#### DIRECTIONS FOR THIS TASK
Leaving pictures aside, restate exactly the lines of the data below, from the first one through the line that contains "GRITA (2026) poster".
[[ DATA open ]]
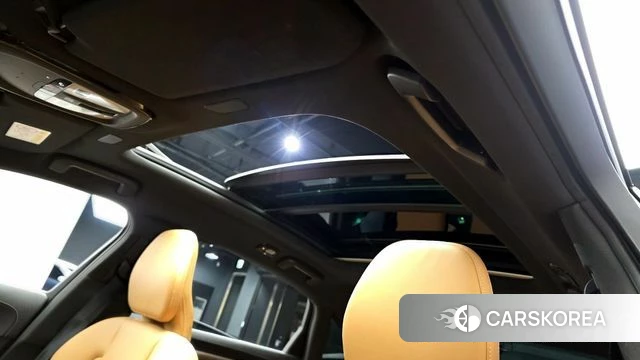 Volvo S90 id 4322616 из Кореи 10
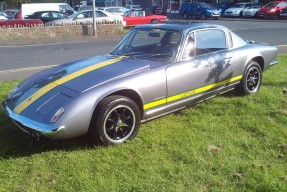 1969 Lotus Elan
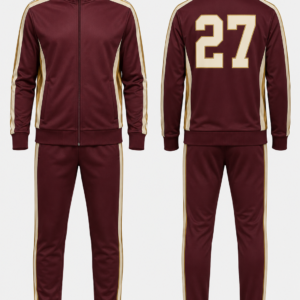 Tracksuits by LASQUE TRADING CORP - OEM Manufacturer Sialkot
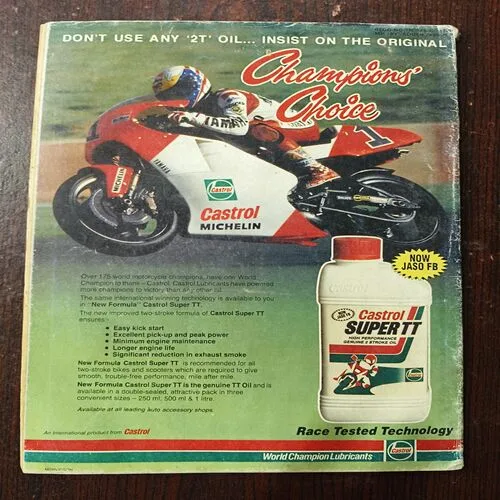 Document_37 Sportstar ( May 1995 ) Front Cover Half Cut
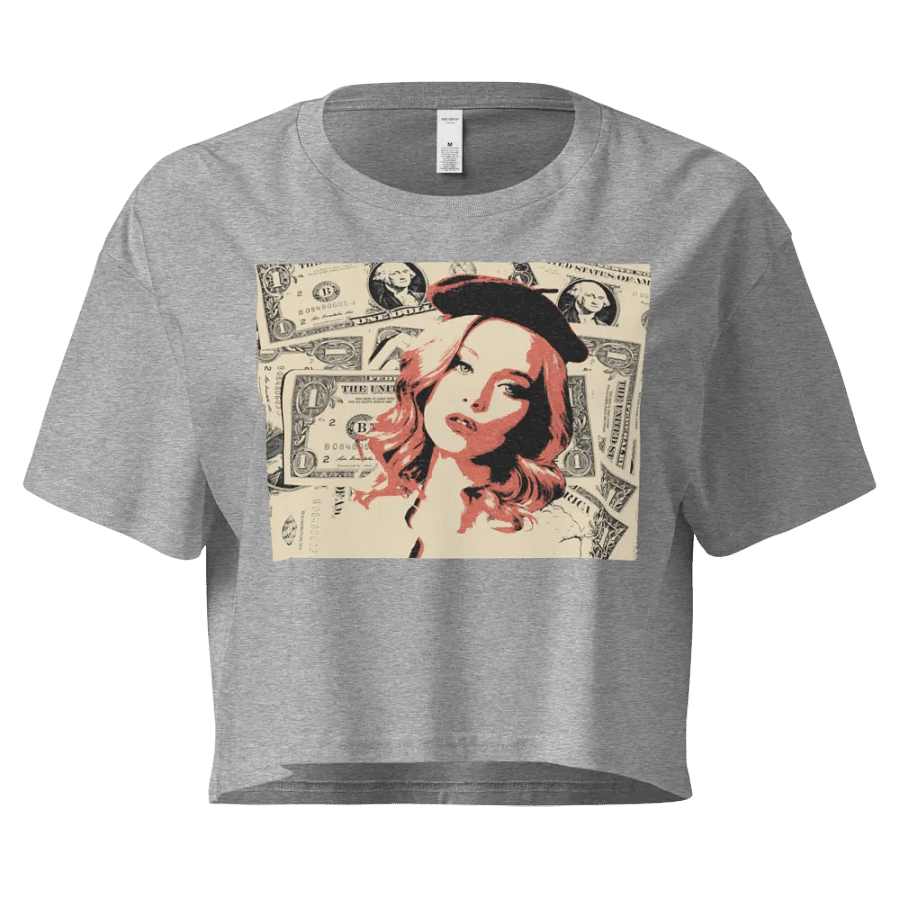 girl press money product image (5)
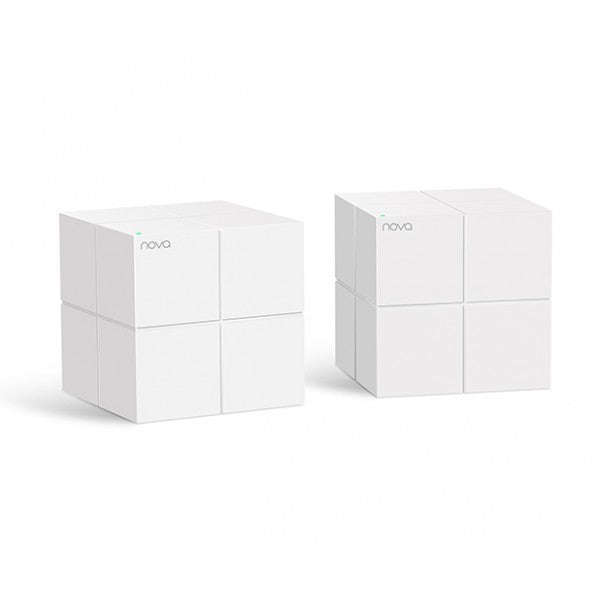Tenda Nova MW6 Whole Home Mesh Wifi - 2Pack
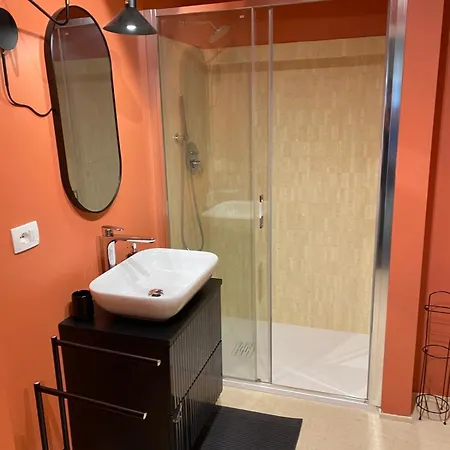 아파트 Al Fronte Mare 무쟈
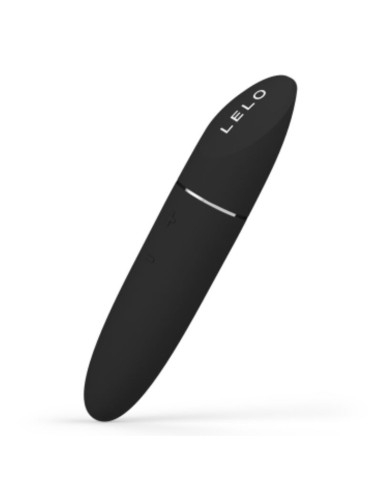 LELO - MIA 3 PERSONAL VIBRATOR BLACK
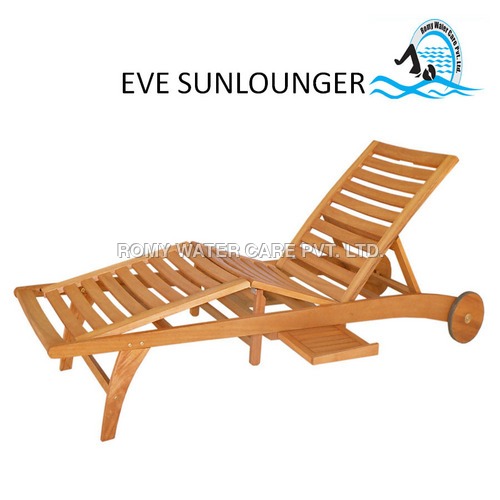 Swimming Pool Side Lounger/Out Door Furniture
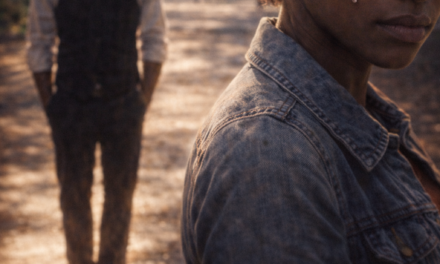 Chapitre 12 : L&rsquo;Amour en Parenthèses : Le sacrifice de L’eyra face au miroir des apparences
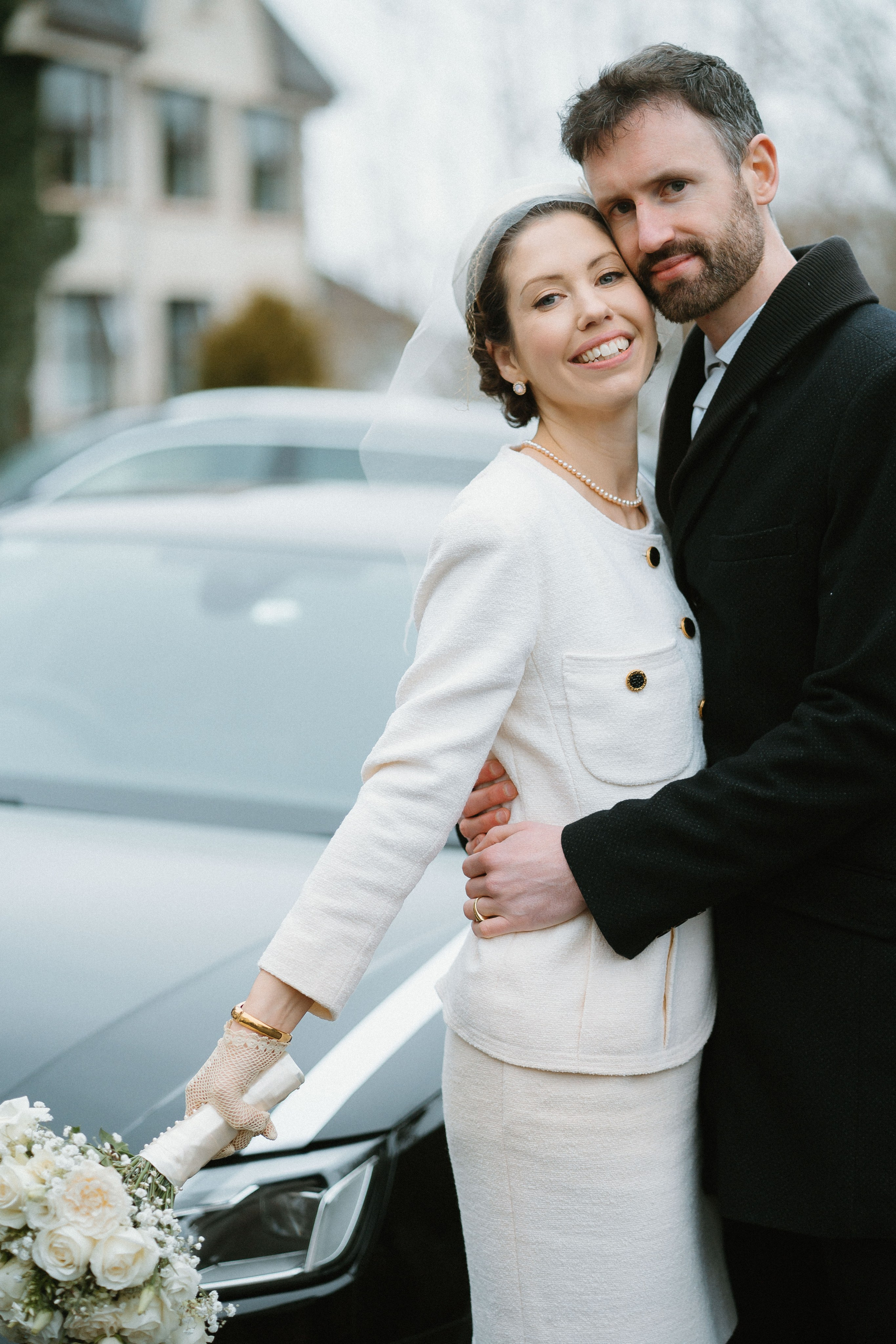 Cassi and Dominic Wedding. Wedding and family photographer Ireland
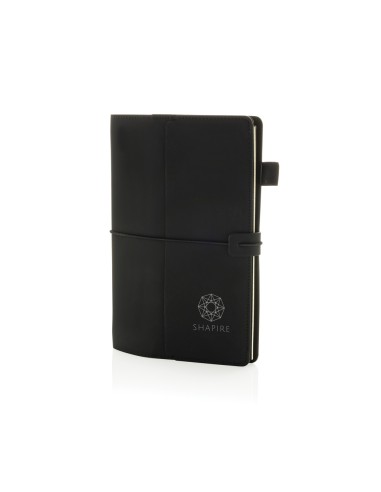 Taccuino 3in1 ricaricabile Daily Notes Binder in PU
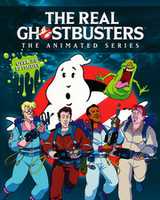 Free download Ghost busters animate=d free photo or picture to be edited with GIMP online image editor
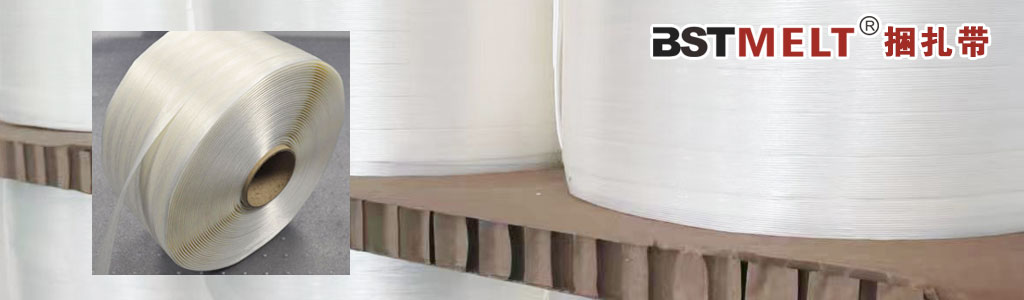 Compre su Flejes Textiles–Hotmelt en línea de BSTSTRAP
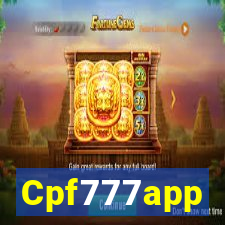 Cpf777app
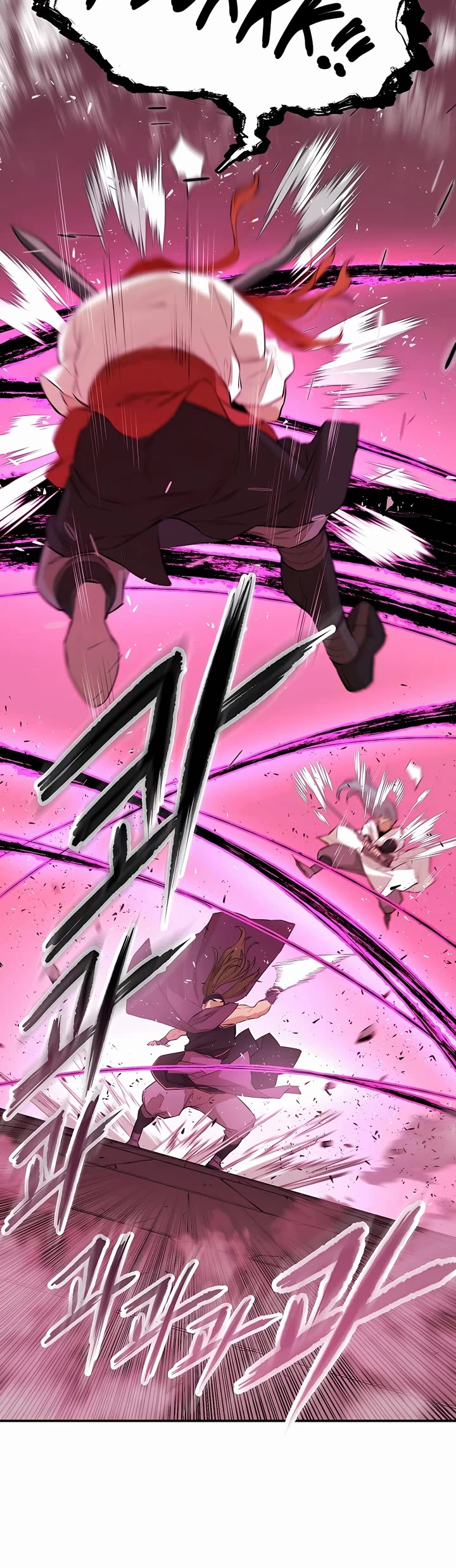 Villain Unrivaled Chapter 78 page 22 - Chapter 78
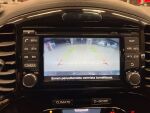 Nissan Juke 2016 Musta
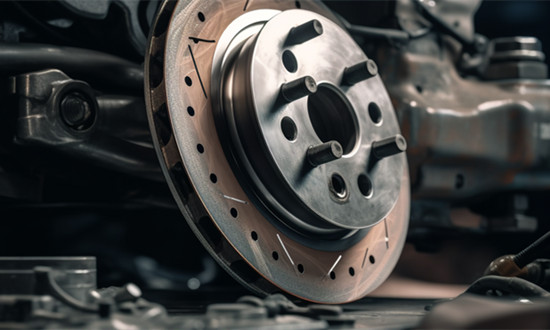 刹车片行业分析：刹车片行业市场现状及未来趋势前景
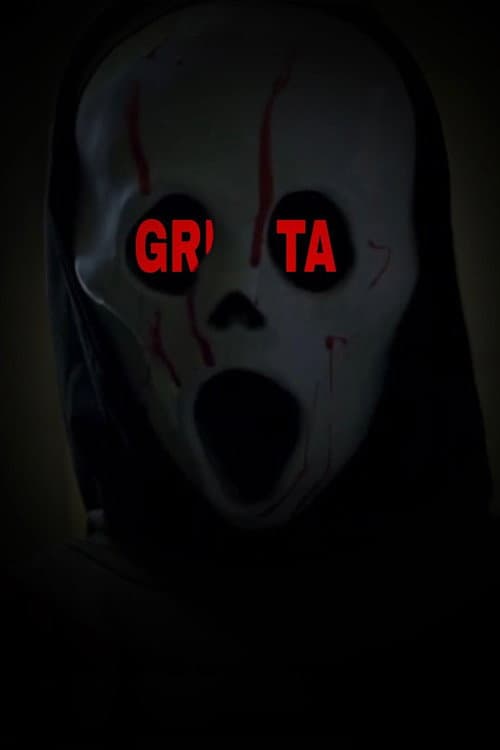 GRITA (2026) poster
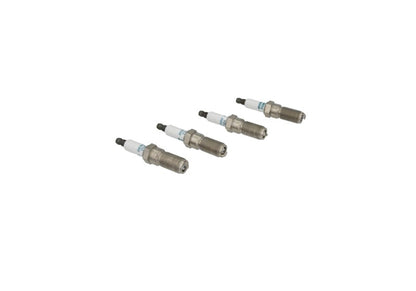 Ford Racing FRPP Cold Spark Plug Set 2.0L Ecoboost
[[ DATA closed ]]
#### OUTPUT BELOW
 Volvo S90 id 4322616 из Кореи 10
 1969 Lotus Elan
 Tracksuits by LASQUE TRADING CORP - OEM Manufacturer Sialkot
 Document_37 Sportstar ( May 1995 ) Front Cover Half Cut
 girl press money product image (5)
Tenda Nova MW6 Whole Home Mesh Wifi - 2Pack
 아파트 Al Fronte Mare 무쟈
 LELO - MIA 3 PERSONAL VIBRATOR BLACK
 Swimming Pool Side Lounger/Out Door Furniture
 Chapitre 12 : L&rsquo;Amour en Parenthèses : Le sacrifice de L’eyra face au miroir des apparences
 Cassi and Dominic Wedding. Wedding and family photographer Ireland
 Taccuino 3in1 ricaricabile Daily Notes Binder in PU
 Free download Ghost busters animate=d free photo or picture to be edited with GIMP online image editor
 Compre su Flejes Textiles–Hotmelt en línea de BSTSTRAP
 Cpf777app
 Villain Unrivaled Chapter 78 page 22 - Chapter 78
 Nissan Juke 2016 Musta
 刹车片行业分析：刹车片行业市场现状及未来趋势前景
 GRITA (2026) poster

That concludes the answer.